Saddle height physionumerology

From a Dahon, to a Birdy, and finally through a Brompton list I follow comes the following tip that seems to work spookily well. See, my wife and I share a few bikes, and as I’m taller we have to re-set the saddle heights several times a week. Usually we eyeball it well enough, but too often not well enough. This should fix that:

A local frame builder (who is also a veteran racer) once showed me how the European race teams deal with quick fitting bikes in case of a mechanical problem — It seems that for most or all folks, the distance from the arm pit to the tip of the index finger is the same as the correct distance from the top of the saddle to the center of the bottom bracket. Now I know there may be slight errors, especially since the crank arm length can vary from 165 to 175 (1/2 inch), but I have tried this myself, and it works. What you do is put the seat in the crotch of your arm pit, and adjust the seat post until your finger tip comfortably rests in the middle of the crank bolt. It may not be perfect, but it will be within 1/2 an inch, and probably more like within 1/4 of an inch.

I can probably forget now that my saddles should be 77cm from BB center. They should be “arm’s length.” It has that primal, biblical, cubit-and-span-and-the-king’s-foot thing going on. Does it work for you?

12 thoughts on “Saddle height physionumerology”

  • Matt Liggett

    Pretty close. I keep the saddle on my Cross-Check about a quarter inch lower.

    Thanks!

    Reply
  • Spence

    Wow! That is so cool! Deb and I have been sharing the stoked xtracycle recently — great tip!

    Reply
  • Bill Manewal

    Works for me, within the +/- 0.5″ tolerances of my flesh smooshing around on different points of a Brooks B67.

    Now, along with my arm span being my height, my hand span being 10″, the first joint of my little finger being 1″, and the width of my little fingernail being 1 cm., I have another useful purpose for my analog body.

    Reply
  • Dave

    “from the top of the saddle to the center of the bottom bracket”.

    What is “the center of the bottom bracket”? I’d love to employ this method, but I’m unsure exactly what I’m measuring between!

    Reply
  • Todd

    Dave, it’s the middle of the circle described by your pedals, on the crank. There’s generally a bolt there, fixing the cranks to the bottom bracket spindle.

    Reply
  • Magnus

    Awesome! I have a folding bike and have been wondering how to set the seat height every time I unfold.. I find the arms length method to be very close, though a little shorter than I prefer.

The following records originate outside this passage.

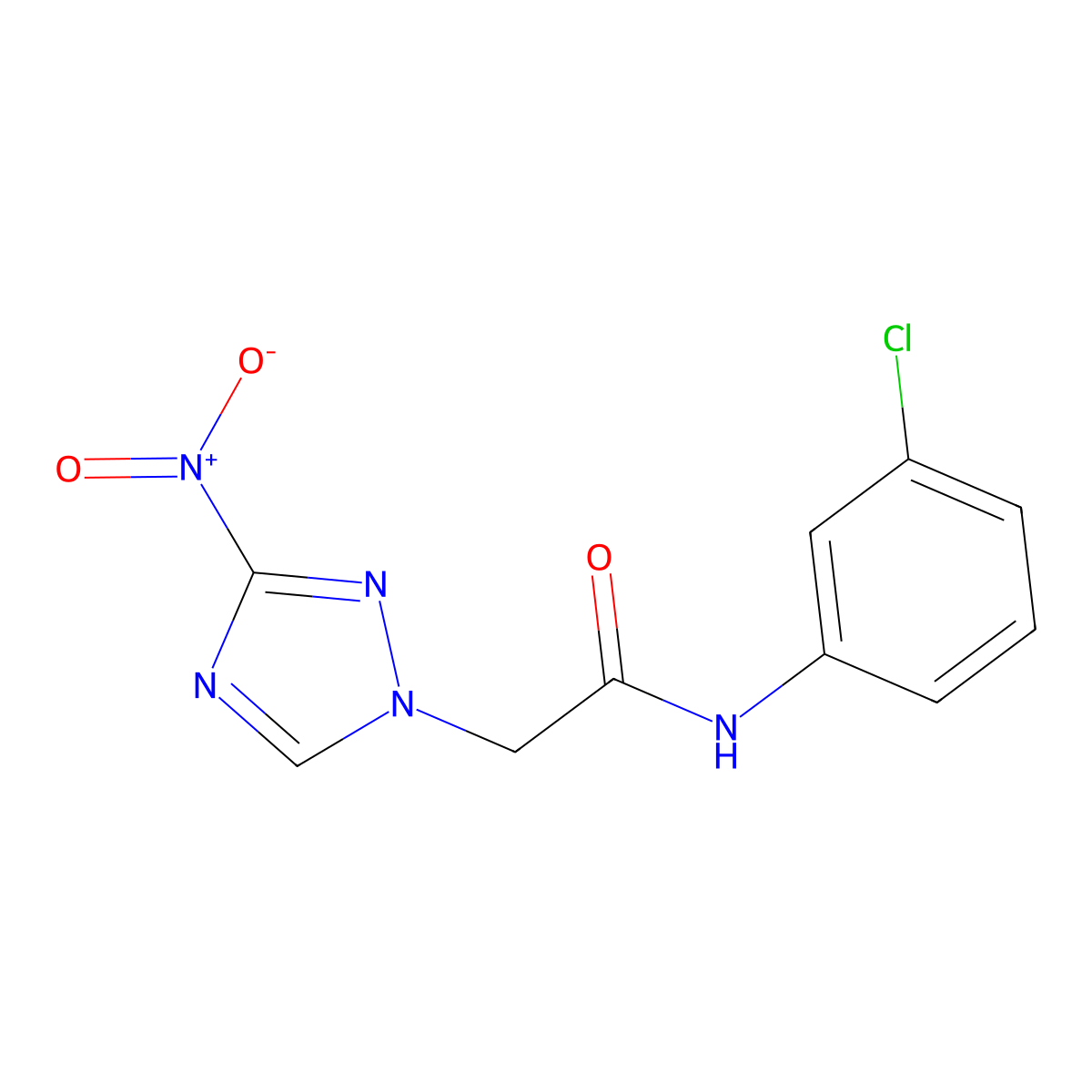 N-(3-chlorophenyl)-2-(3-nitro-1,2,4-triazol-1-yl)acetamide molecular structure, CAS 312635-38-4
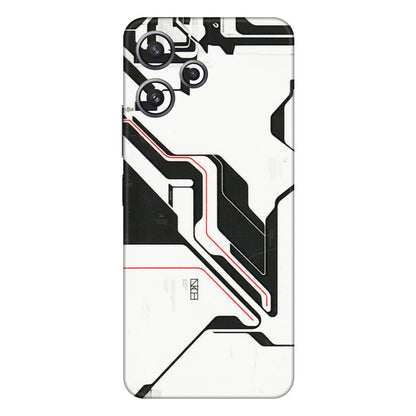 Xiaomi Redmi Phone Skins (All Models) - White Techy Logo - 3D Embossed Finish (L-312) Redmi 12 5G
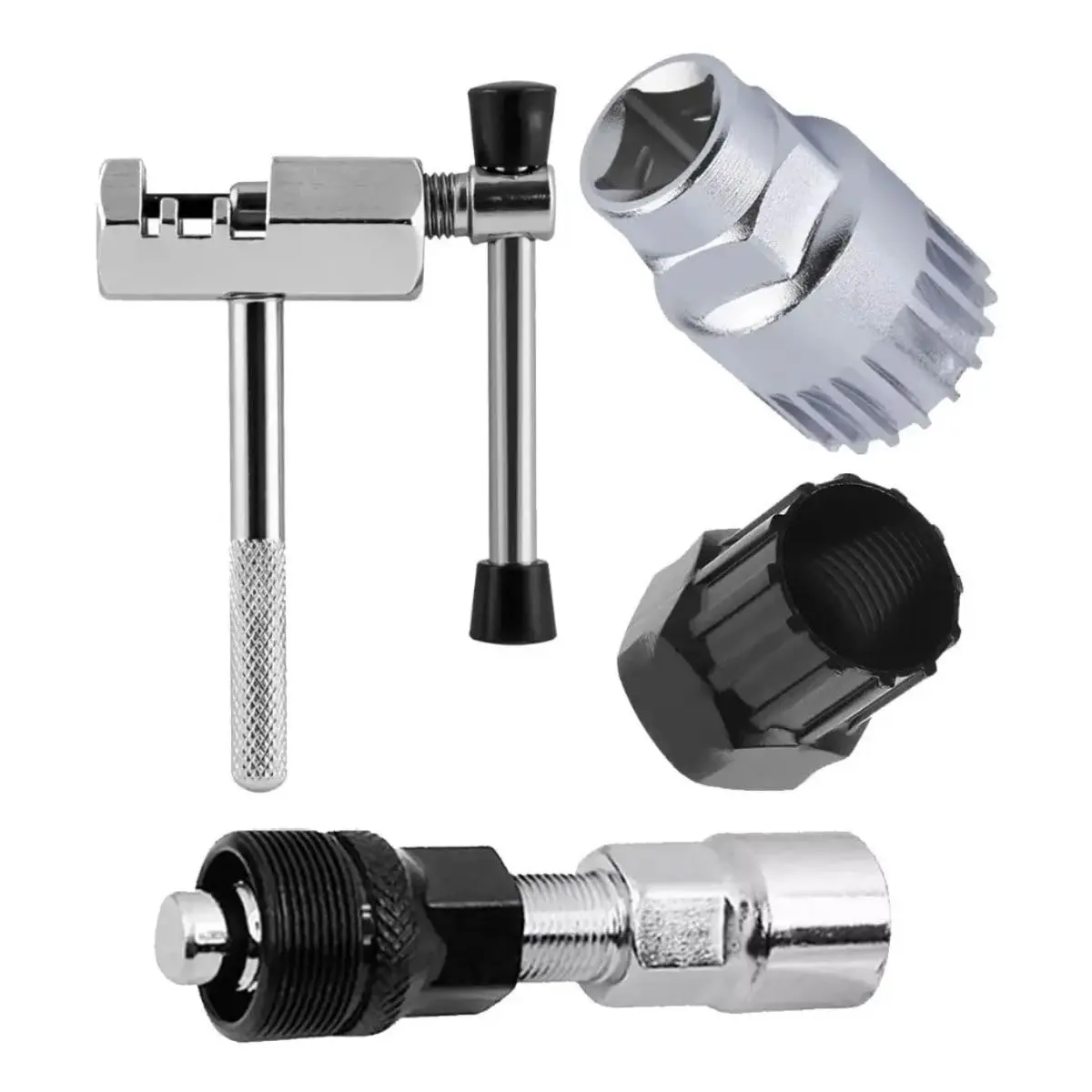 Kit Ferramentas Bicicleta Extrator Corrente Pedivela Movimento Central Removedor Cassete Catraca Chave Manutenção Bike MTB Speed Oficina Mecânica Ciclismo Aço Resistente Completo
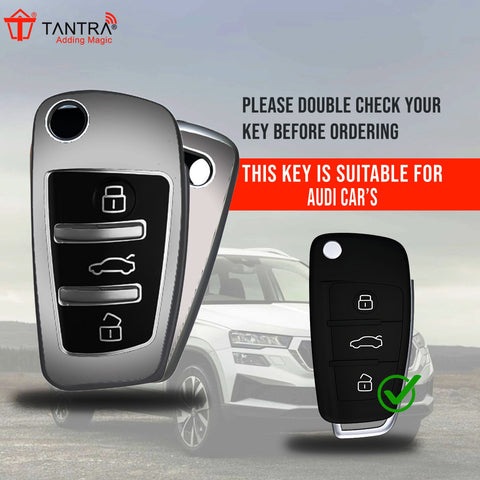 TANTRA TPU Key Cover and Round Key Chain Compatible with  Audi A1 A3 A6 Q2 Q3 Q7 TT TTS R8 S3 S6 RS3 3 Button Flip Key (Grey)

    If I place my fist on the seat, the height is correct when my thumb hits the very top of my hip-bone. (Obviously this method will depend on the height of the bottom bracket from the ground, among other things..)

    Reply
  • Bill Manewal

    Magnus – I have a Hon folder whose seatpost has a hole drilled at the proper height. After unfolding, I insert a pin with a spring-loaded ball on the end into the hole and this keeps the post from sliding down into the seat tube. The pin is tethered to the frame with a zip tie. Works well.

    Reply
  • Karl

    it’s pretty close for me. I can make it work better or worse by sliding my armpit along the saddle a ways (seat tubes are at an angle with the top of the saddle), but if I were to need to set the seat height in the future, this would get me pretty close. I bet the saddle would end up being a shade high, if anything.

    Reply
  • Andrew Janjigian
    Andrew Janjigian July 28, 2006 at 9:20 am

    Yep. Comes to within 1/2″ for me. Spooky. I guess what that means is that most peoples legs are just slightly longer than their arm inseams.

    AJ

    Reply
  • Bartosz

    I know this little trick since the early days of my biking. My father told me about it, and I thought it’s simply common knowledge :)

    Reply
  • fred

    Bartosz,
    I think you come from a country where bicycling might be treated as something more useful than a toy. Unfortunately, in the
    United States, too many families consider bicycling as second-rate and do not educate their youngsters in proper operation
    and service, among other things. I am envious of your upbringing in that respect, as I have had to learn all that I know
    in other ways. Some of those ways include making mistakes and learning from them :-)

    Reply
  • Shane

    Used this method all the time when riding for Pedal Express and have shared with a lot of folks. I think some of them even us it. Works pretty good.